Rendezvous with Destiny
by Craig Shirley

It certainly was not inevitable that Ronald Reagan would be elected President in 1980, not even after the disastrous and unpopular tenure of Jimmy Carter. Conservatives had suffered so many defeats that they didn't anticipate victory. As late as Election Day, newspaper headlines reported the Reagan-Carter race "too close to call." In Rendezvous with Destiny: Ronald Reagan and the Campaign that Changed America, Craig Shirley tells the whole exhilarating story of how Reagan triumphed and made us believe it was morning in America again.

Shirley relates how Reagan rose from the ashes of his failed 1976 campaign and narrow loss at the Republican National Convention in Kansas City, then triumphed over liberal Republican foes in hard-fought primaries. Of course, the media preferred George H.W. Bush.
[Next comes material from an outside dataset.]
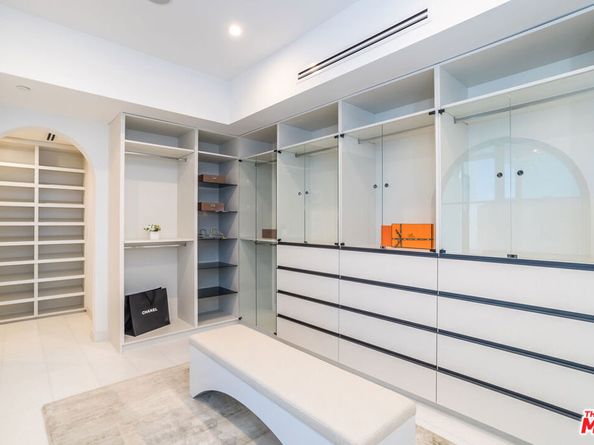 9406 Lloydcrest Drive, Beverly Hills CA 90210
Shirley describes the exciting unprecedented story of how Establishment and media busybodies at the 1980 Republican National Convention in Detroit tried to get Reagan to accept Gerald Ford as "co-president." Then, Shirley gives us a behind-the-scenes account of Reagan's 1980 campaign and how he won a landslide victory despite such obstacles as the Third Party candidacy of John Anderson.

To write Rendezvous with Destiny, Shirley gained access to 1980 campaign files and interviewed more than 150 insiders, from Reagan's closest advisers and family members to Jimmy Carter himself. This book is the first comprehensive history of the hard-fought 1980 campaign which was a turning point in American political history.

Reagan's 1980 victory dramatically altered not only U.S. history, but the history of the entire world. His victory ended liberalism's half-century reign, reversed a devastating economic crisis, replaced our previous policy toward the Soviet Union from appeasement and defeatism to (in Reagan's words) "we win, they lose," led to the collapse of the evil empire, and gave rise to a new generation of conservatism. Because of Reagan, most public officials are now eager to label themselves "conservative."